In 324 pages of lab data released this afternoon, results from 71 samples were highlighted in yellow marker as flags for water with traces of contaminants near or above “action levels.” Action levels do not equal heath threats, according to an EPA policy document. Rather, they “enable EPA to quickly identify the analytical lab data results that warrant further scientific review.” In the case of the Dimock water, some of the samples that showed pollution are not immediate health threats because they have already been taken off line.

The highlighted samples showed elevated levels of sodium, methane, arsenic, chromium, and lithium, all of which are associated with drilling. The results include samples from 20 wells taken in January and February. Results from 30 more homes are still being analyzed.
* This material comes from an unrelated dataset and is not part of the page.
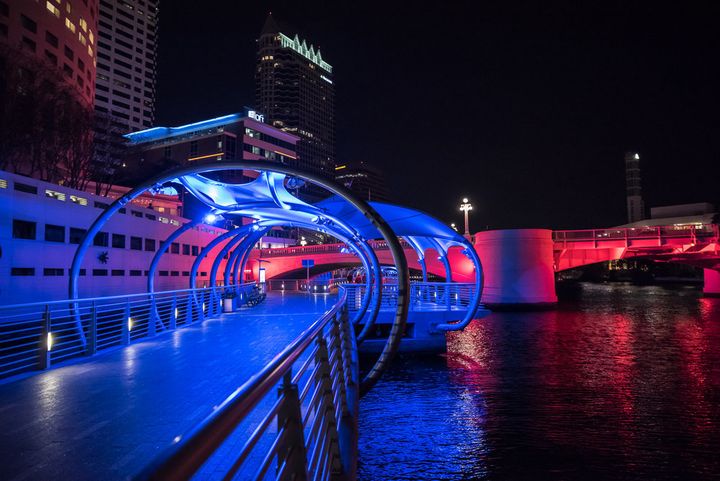 THE RIVERWALK AT NIGHT WITH COLORFUL, CHANGING LIGHTS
The EPA began the federal investigation in January in the small northern Pennsylvania Town, which has become an iconic of a national controversy over the merits and hazards of an on onshore drilling boom enabled by high volume hydraulic fracturing, a process that allows operators to extract oil and gas from bedrock by injecting it with pressurized chemical solution.

“This set of sampling did not show levels of contaminants that would give EPA reason to take immediate action,” Roy Senaca said in a short email announcing the results. “EPA remains committed to providing Dimock residents with the best available data and information on the quality of drinking water as expeditiously as possible.”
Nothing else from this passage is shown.